Jasem Al Saeedi, a controversial MP sporting a luxuriant beard, has called upon the interior ministry to allow its personnel to grow facial hair, saying that it was within their rights.

  • By Habib Toumi, Bureau Chief
  • Published: 23:32 August 19, 2008
  • Gulf News

Manama: Jasem Al Saeedi, a controversial MP sporting a luxuriant beard, has called upon the interior ministry to allow its personnel to grow facial hair, saying that it was within their rights.

"We urge Interior Minister Shaikh Rashid Bin Abdallah Al Khalifa to allow the staff and officers of the ministry to grow beards as they are getting ready for the spiritual atmosphere of the holy month of Ramadan," Al Saeedi said yesterday.

"They have the right to emulate Prophet Mohammad (PBUH) and all the Muslims who grew beards," he said in a press statement.

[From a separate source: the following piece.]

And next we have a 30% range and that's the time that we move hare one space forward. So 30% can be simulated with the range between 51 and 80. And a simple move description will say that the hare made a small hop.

The MP, an independent known for his Salafi stances, said that the interior ministry personnel should be given the same rights as the staff of the Bahrain Defence Force who were allowed last May to grow beards.

Extensive campaign

The decision to allow the military to keep facial hair followed an extensive campaign by Al Asala, the Salafi society with eight MPs in the 40-member lower house."The sons of Bahrain who are the vigilant eyes watching over the country and who are ready to sacrifice their lives for the sake of the nation have high hopes of being allowed to grow beards in line with their convictions," Al Saeedi said in his plea almost ten days before the start of Ramadan.

"They deserve to be treated like the military and be allowed to grow their beard in line with the teachings of Islam."

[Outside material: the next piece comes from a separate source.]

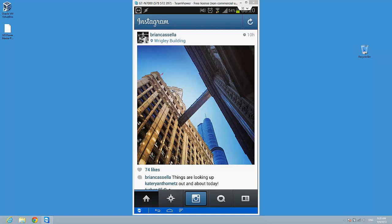Hi guys, my name is Marius from DexBlog, and today I'm going to show you how to post Instagram photos to a Facebook page. This is quite easy — just open the Instagram application on your Android phone and after that go to the profile page.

Bahrain's police forces are the only ones in the Arabian Gulf to have a "no beard" policy, although moustaches are permitted. No one has ever publicly challenged the beard ban, but Al Saeedi did make calls earlier to the minister to reverse the policy.

Controversial figure

The MP had often run into controversy and at one time urged his fellow representatives to marry four wives in order to help fight the alarming rise in the number of spinsters in Bahrain.

Moustaches and beards are common in the Gulf and Middle East countries for religious and cultural reasons, in sharp contrast with the smooth-cheeked Anglosphere.